As you can tell, pretty much every single one of these points is a huge devil-in-the-details wasp nest, and Reinvent Albany has already raised concerns a few potential stingers. There will be plenty of time to discuss all of it.

For now, I want to highlight one line that’s flying under the radar but deeply concerns me because it demonstrates a lack of attention to detail and reveals the underlying thesis driving this entire plan.

In Point 8, the plan calls for the construction review group to “also review the plans for signal system upgrade methodology and decide the best system to use, specifically comparing Communications Based Train Control (CBTC) to Ultra-Wide-Band (UWB) technology for safety, timeliness and cost.”

This demonstrates a fundamental misunderstanding about what CBTC and UWB are. CBTC is an umbrella term for any signaling system that automatically controls trains using a communications network to monitor their precise train locations. This can be done using a variety of techniques and approaches, but the basic concept is in use in Hong Kong, Paris, Singapore, and London (incidentally, a pretty solid short list of some of the best metro systems in the world).

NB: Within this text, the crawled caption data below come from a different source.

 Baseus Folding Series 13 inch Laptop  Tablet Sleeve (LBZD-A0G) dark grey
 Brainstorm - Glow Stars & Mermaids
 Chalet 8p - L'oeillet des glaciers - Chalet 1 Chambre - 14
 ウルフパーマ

UWB, however, is not in use in any rail system anywhere in the world. As a result, I have found it exceedingly difficult to get precise details on how it would work in a signaling capacity. But, it’s basically a sub-system that would govern the “C” part of CBTC. Rather than having to use fiber optic wires or other cables that are labor intensive to wire and secure, UWB uses wireless transponders to relay information down the tunnels to a central point, probably a station. In other words, it’s kind of like upgrading from having to plug in all your devices with an Ethernet cord to using wireless instead.

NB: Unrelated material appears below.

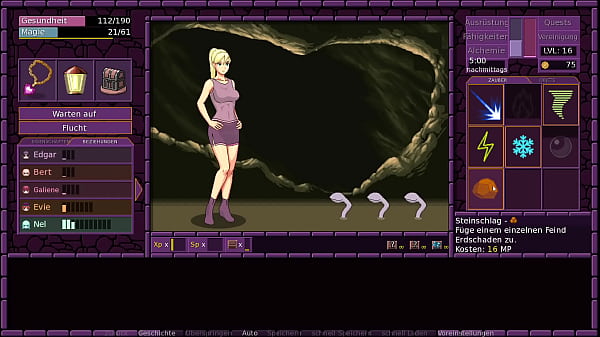 Image Gameplay Town of Magic | EA (0.72) #14 Anerkennung von Galiene und was ist in der Kiste?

None of this is to knock UWB. Should the technology work out—the MTA is still conducting tests but Andy Byford expressed optimism about its viability during Monday’s committee meeting—it would make rolling out CBTC on future lines faster and probably cheaper. But, to continue the analogy, this line in Point 8 would be like calling for these engineers to determine if we should still be using the internet, or to put in wireless routers instead. It just doesn’t make sense as an either/or. When advocating for its implementation, it’s probably best to know what you’re advocating for.

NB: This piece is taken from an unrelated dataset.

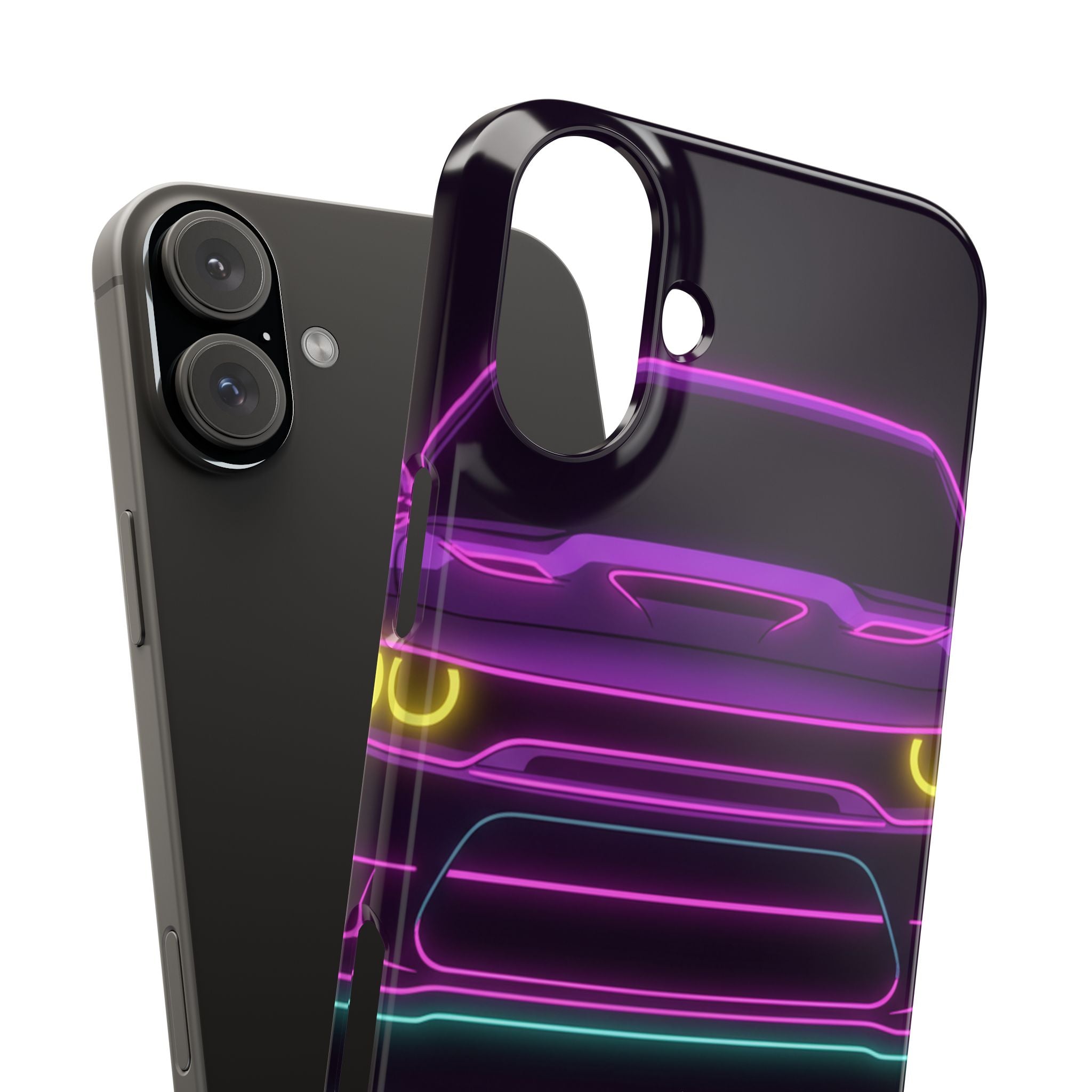 Dodge Challenger SRT Hellcat Phone Case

A key assumption embedded within the ten points is that these outside academics, panels, and experts know how to do all this stuff better than the MTA. Certainly, the MTA has made itself an easy target, taking the better part of a decade to upgrade the L and 7 respectively. The prudent course would be to execute full, transparent independent reviews of what went wrong with those projects. That hasn’t happened, nobody has committed to it happening, and we’re simply to trust that Byford and his new signals chief, Pete Tomlin, can do it better and faster.

This, along with the MTA’s many other inefficiencies and ills, has created a massive opening for the governor to exploit. He’s hellbent on being the savior, first with the Subway Action Plan, then with the L tunnel, and now he wants the same exact “experts” (they have zero expertise in signaling technology) to sign off on UWB. All the while, it’s less and less clear he even knows what it is.